Even the BJP candidate Digamber Patil, who won the seat once in 2004, admits he is counting only on the Modi wave to break in. "He (Chavan) has a lot of money," he says, "But there is a wave in favour of Modiji." The Modi wave, clearly, is the one thing Chavan fears. In meeting after meeting, he looks for chinks in Modi's armour. "My whole family is behind me, my wife and daughters are campaigning for me, where is Modi's wife?" he asks. That's Chavan at his nastiest.
Later in the evening, the Congress rolls out its heavy artillery. State Revenue Minister Narayan Rane jointly addresses a rally of nearly 10,000 people with Chavan in Digloor. Rane, who was briefly a Shiv Sena chief minister in 1999, trains his guns at Modi. He tells the crowd, many of whom are Muslims, of Modi's American event managers who advise him what to wear and speak, RSS which runs him by remote control and, of course, the Gujarat riots and the Ishrat Jahan encounter. "He's not a Vikas Purush," Rane thunders. "He's a Vinaash Purush." Nationalist Congress Party (NCP) chief Sharad Pawar and Chief Minister Prithviraj Chavan are also expected to campaign for him soon. "Had Bhaskarrao Patil contested, we would have surely lost," says a Congress worker.

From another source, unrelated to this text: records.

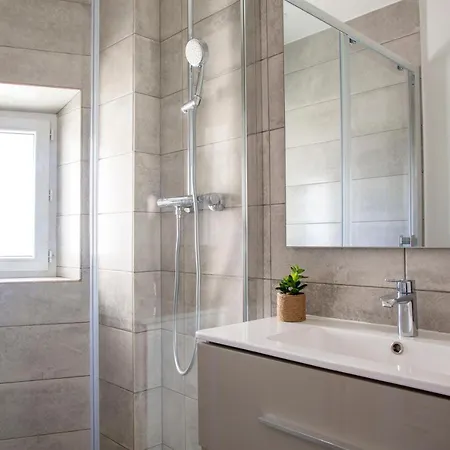 Prime Location Hyper Center Ideal For Couples & Families - Walk Everywhere - Smart By Totolulucannes *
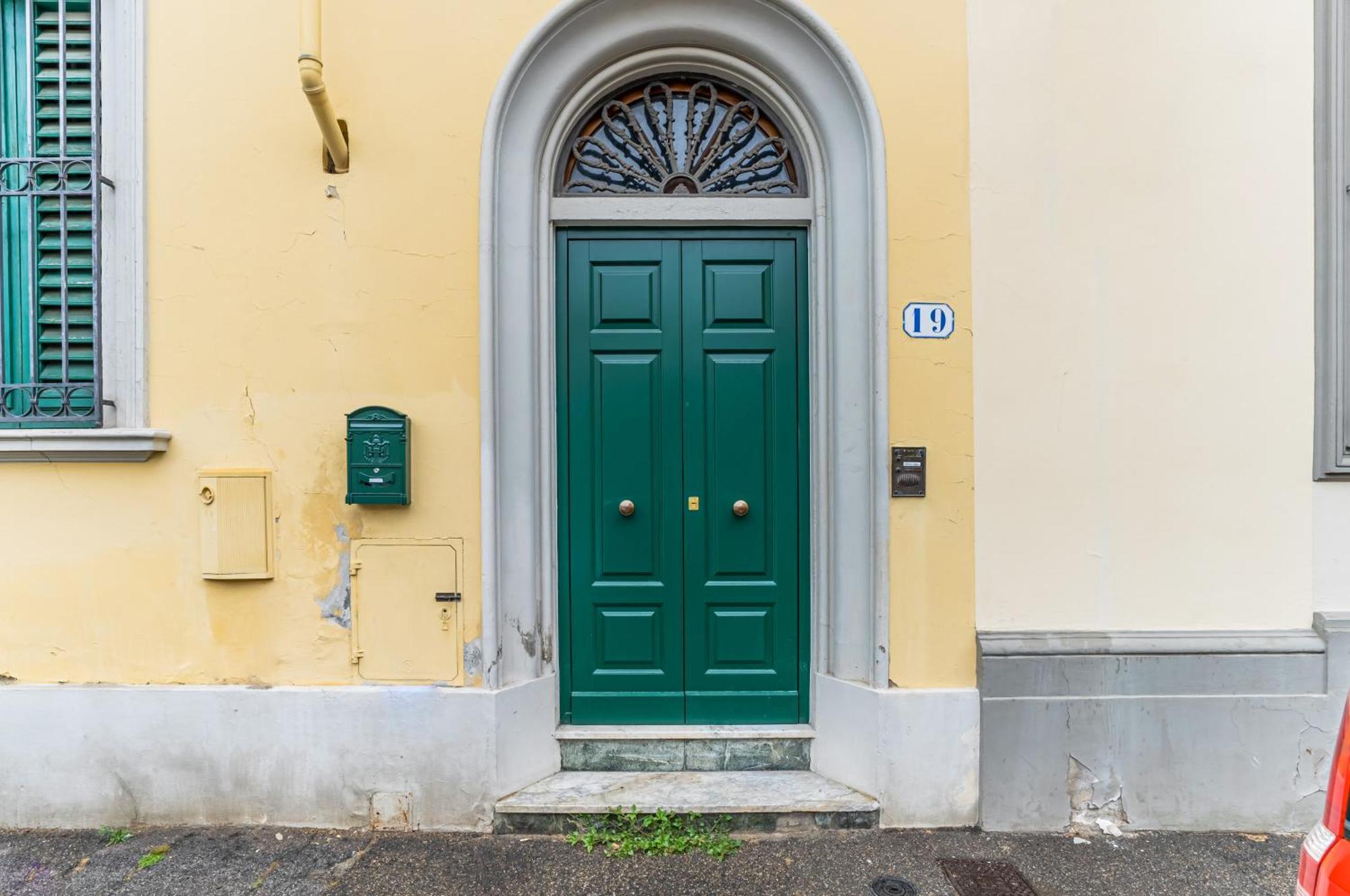 Bright With Private Garden And Balcony Apartment Florenz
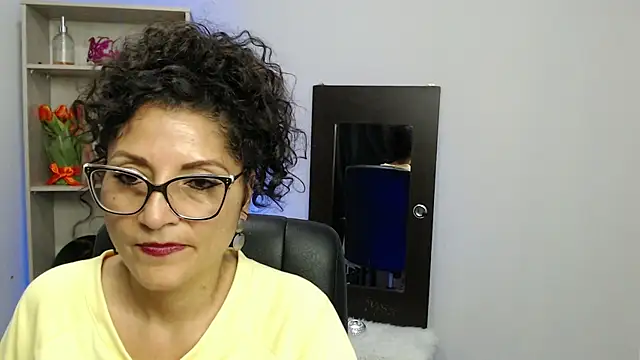 arianna ros3 online show from February 2025 06:33:01 PM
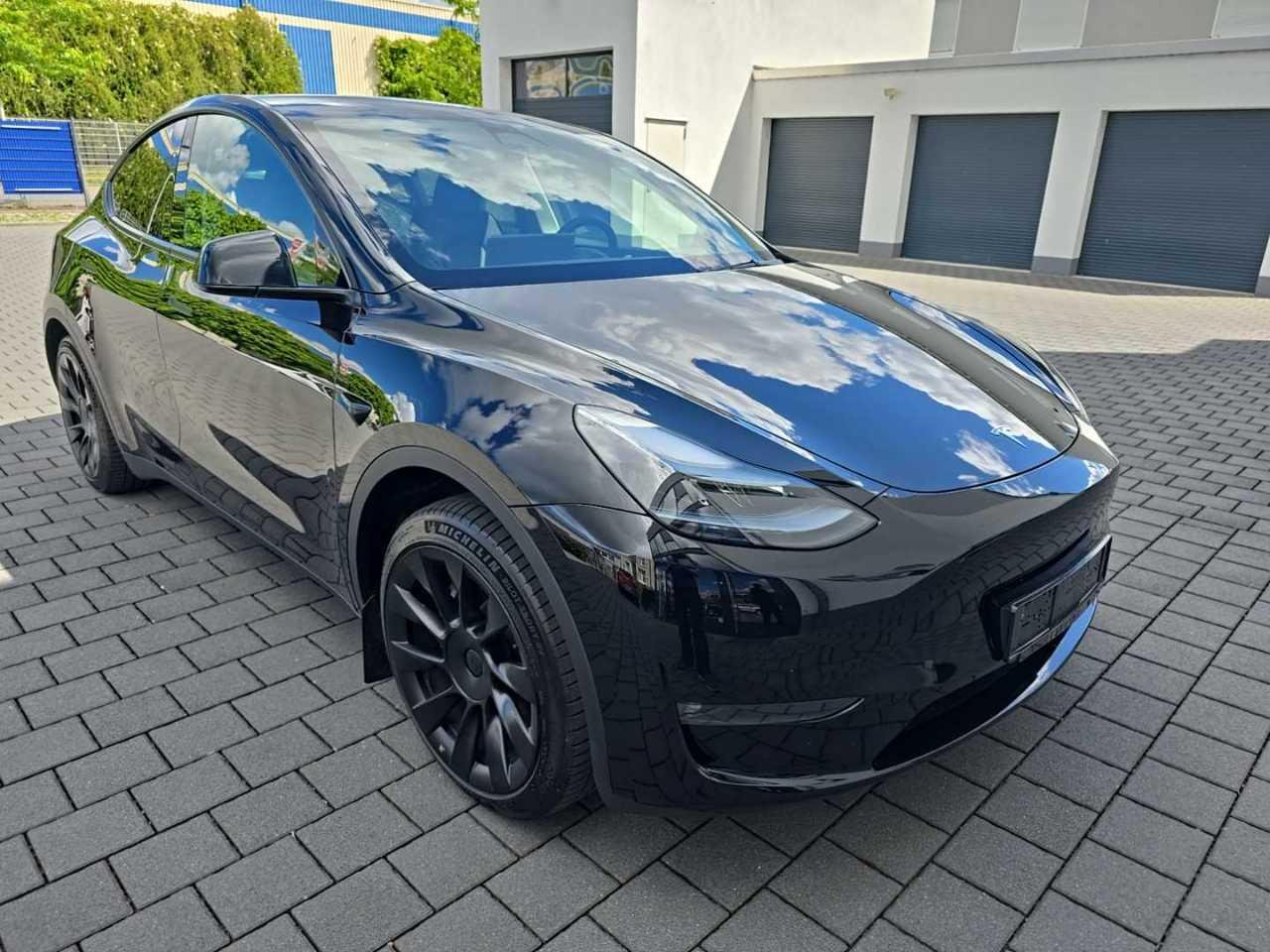 Tesla Model Y Long Range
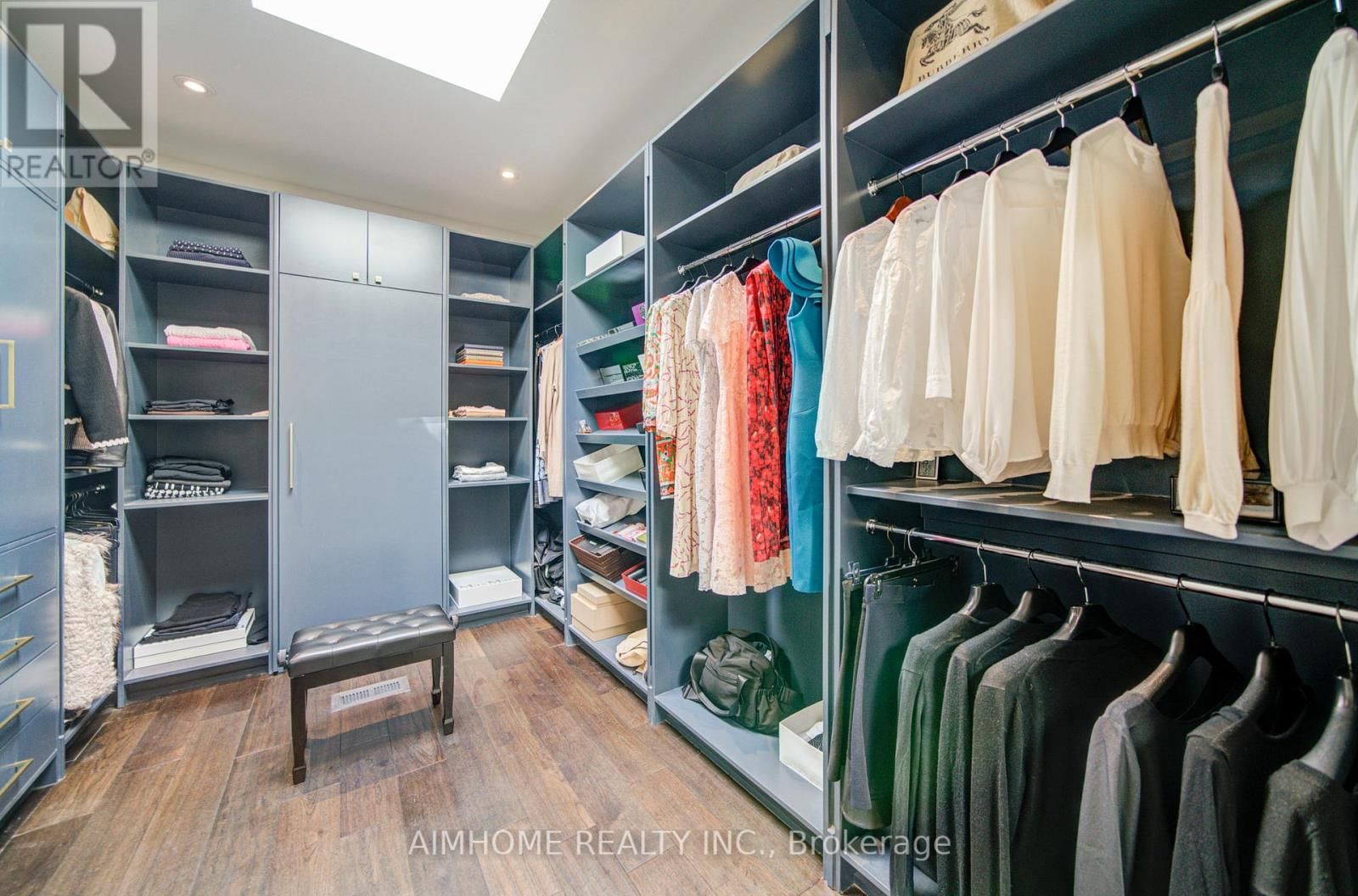 212 SUSSEX AVENUE Image 27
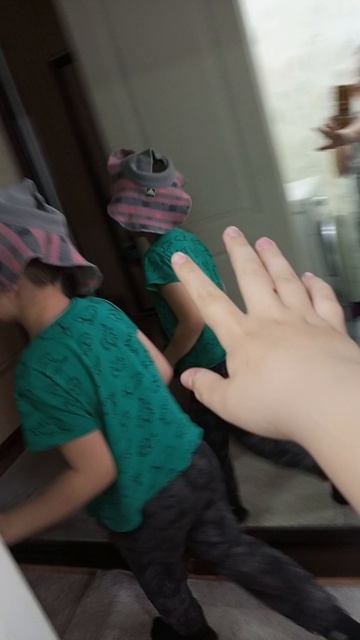 мама пришла домой только что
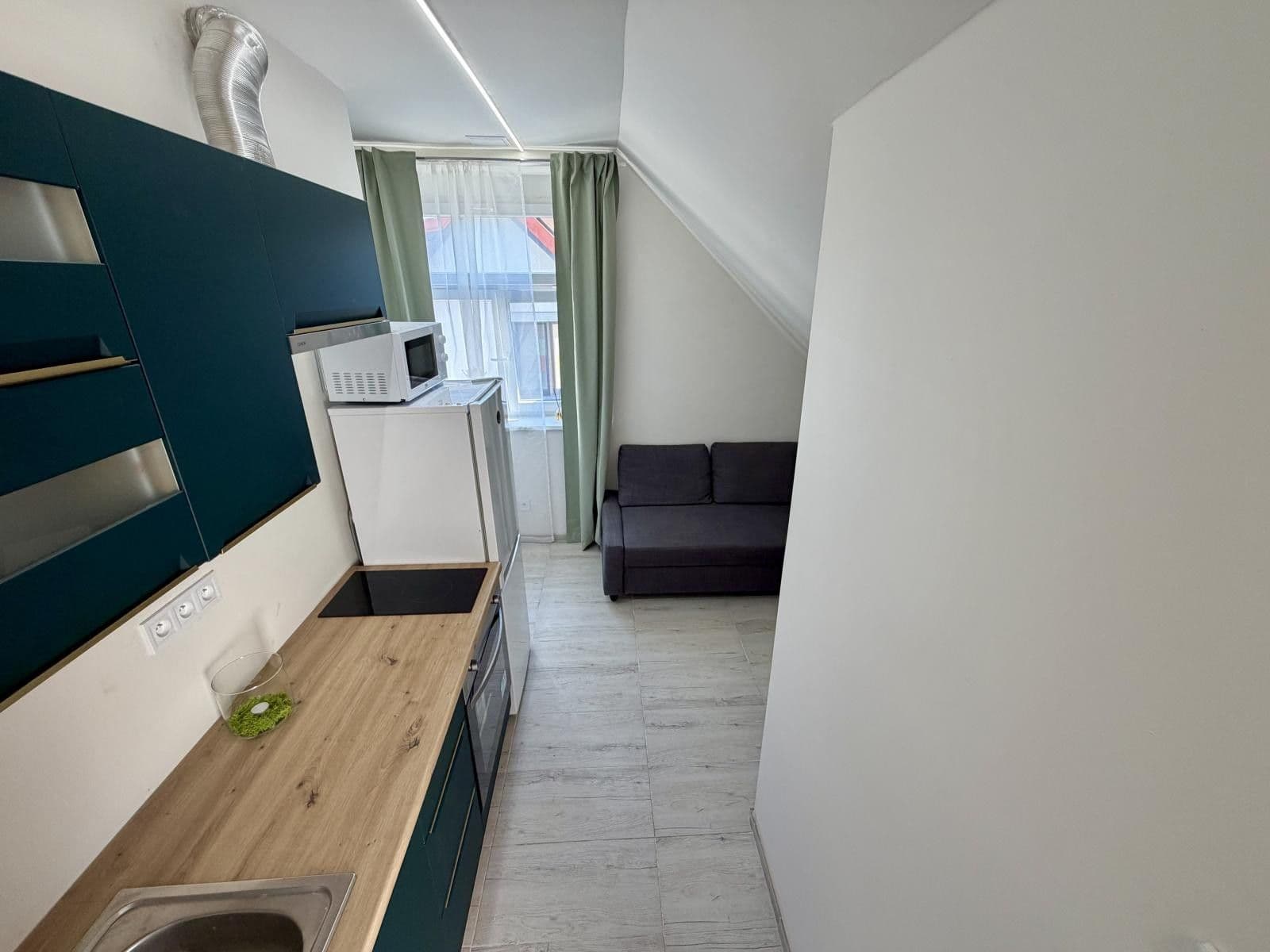 Prenájom bytu 2-izbový 35 m², Na Jarově, Praha, Praha Prenájom bytu 2-izbový 35 m², Na Jarově, Praha, Praha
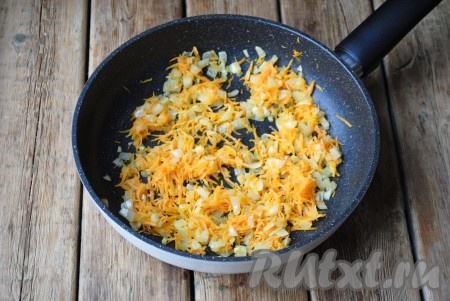Обжарить лук с морковкой на разогретой сковороде на растительном масле до золотистого цвета, периодически помешивая.
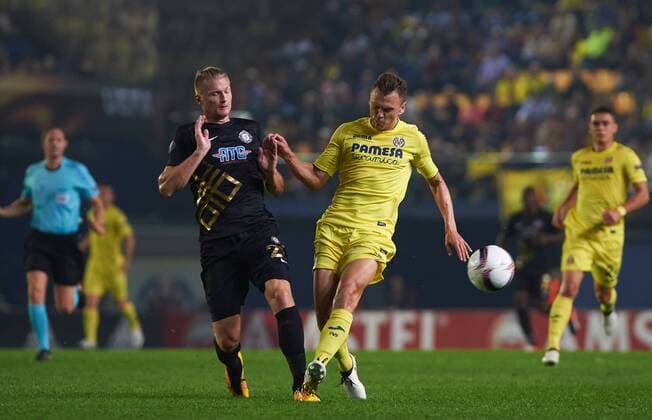 November 3, 2016 - Villarreal, Castellon, Spain - Denis Cheryshev of Villarreal CF in action against Vaclav Prochazka of Osmanlispor FK during the UEFA Europa League Group L football match between Villarreal CF and Osmanlispor FK at El Madrigal Stadium, on November 3, 2016. Villarreal CF v Osmanlispor - UEFA Europa League  - ZUMAn230 20161103_zaa_n230_016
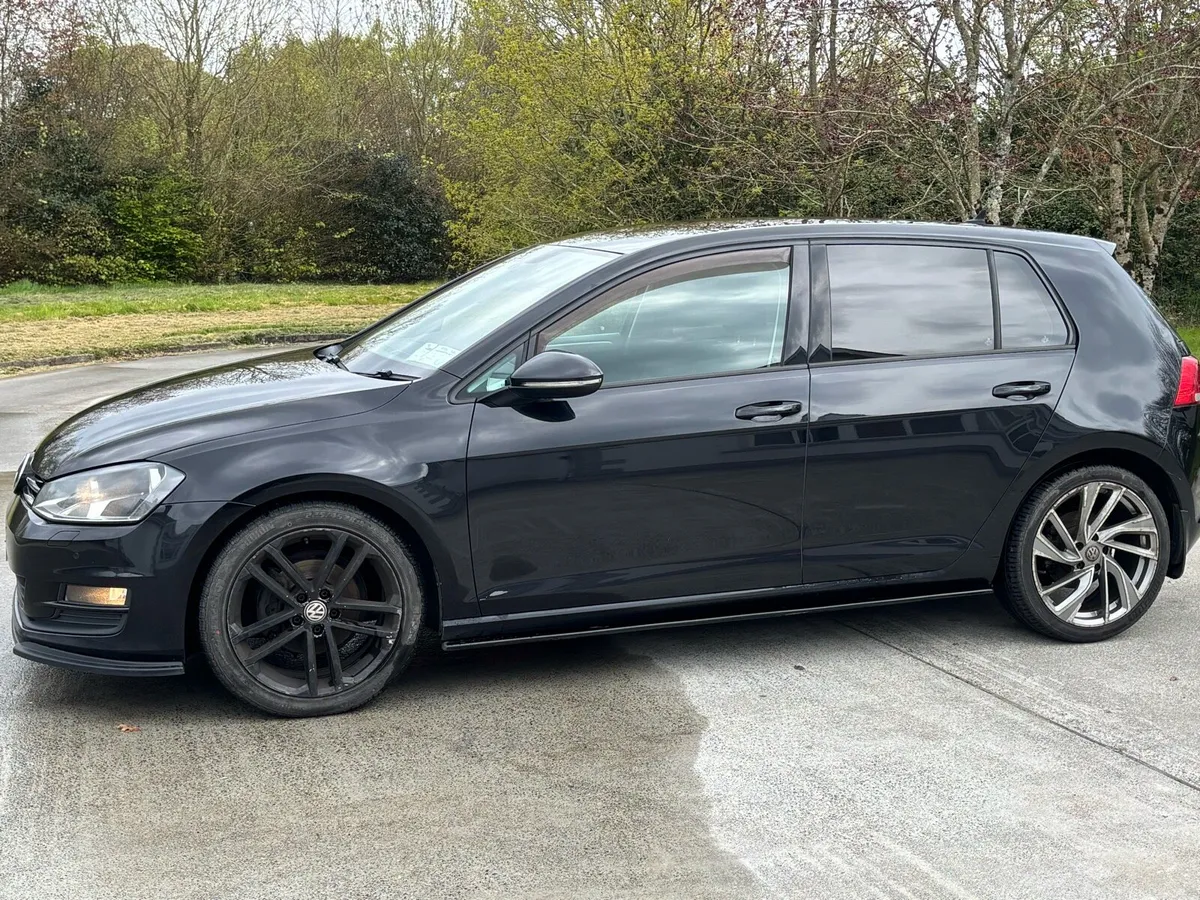 VW Golf - Image 2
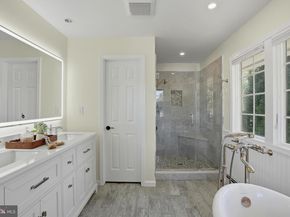 300 Lewis Street NW, Vienna VA 22180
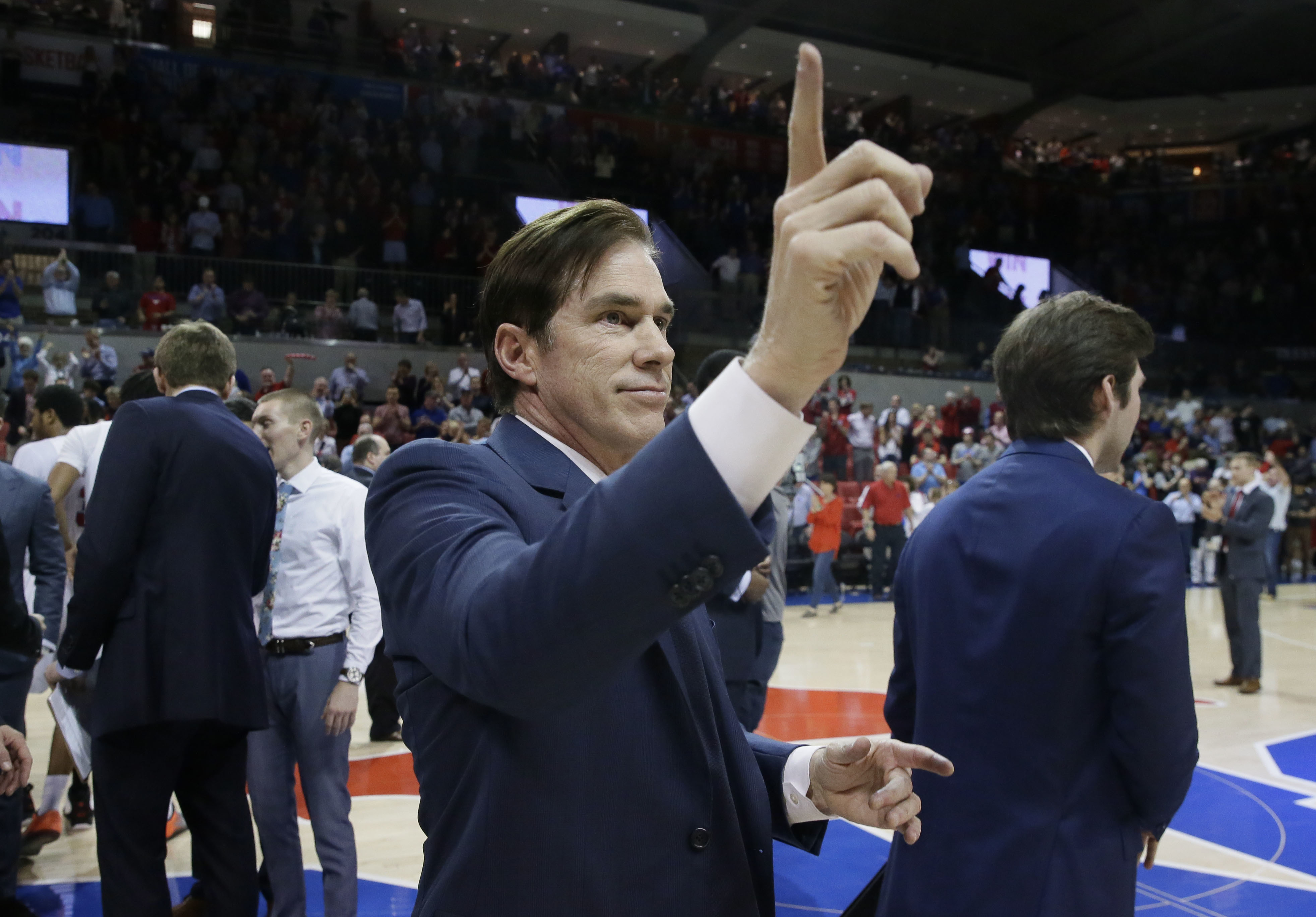 SMU winning without Brown with another NCAA bid in sight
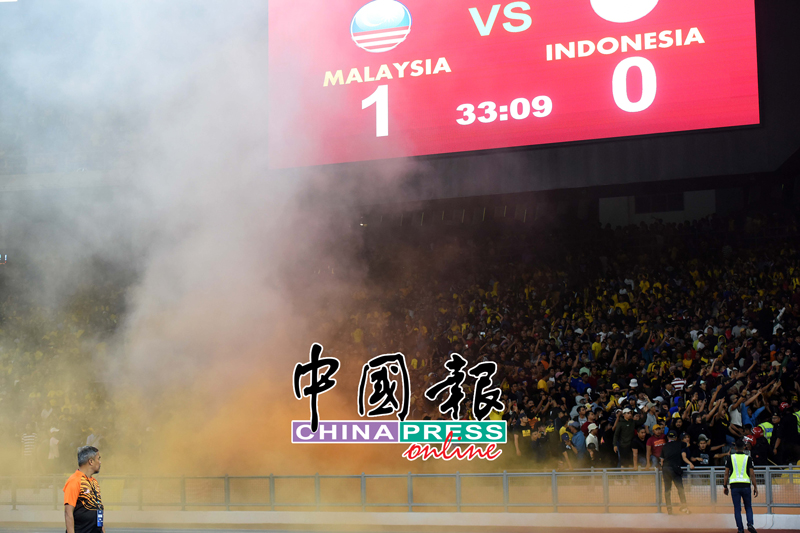 印尼球迷恼羞成怒，在球队失球后，都向大马球迷看台投掷烟火、水瓶，甚至座椅等硬物，行径令人摇头。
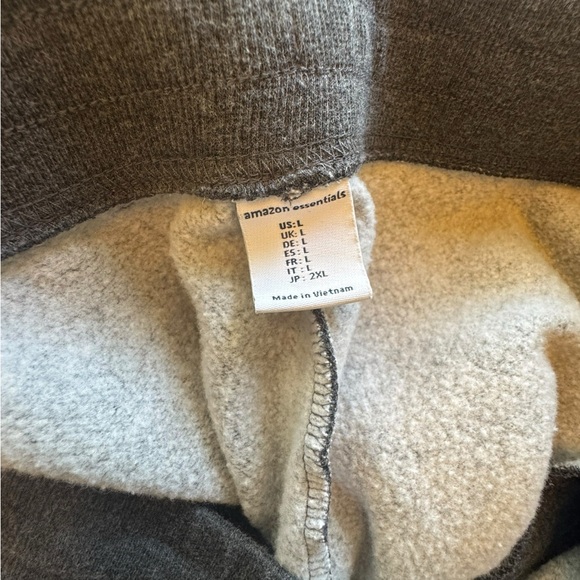 Amazon‎ Essentials Gray Sweatpants Comfortable Casual Wear - Picture 5 of 9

Caste equations have also been at play in Chavan's resurrection. The Congress, which has held power in the state with NCP for 15 years, faces state polls in October this year. The 2011 death of Vilasrao Deshmukh has left the Congress bereft of a strong grassroots leader from the dominant Maratha community. Rane, a Maratha from Konkan, is yet to earn the Congress's trust for the top job because of his origins in the Shiv Sena and for openly staking claim after Chavan's 2010 exit.
"The death of Desmukh literally orphaned the people of Marathwada," says journalist and political commentator Kumar Ketkar. "The Congress is looking at Chavan and his family's halfcentury legacy to retain their vote bank here." Ketkar, however, doesn't foresee a major role for Chavan either in the state or at the Centre because of Adarsh, especially with Modi promising to pursue the case in his Nanded speech. In candid conversation, Ashok Chavan says he belongs to Mumbai rather than to Marathwada. The ghost of Adarsh will ensure it stays that way.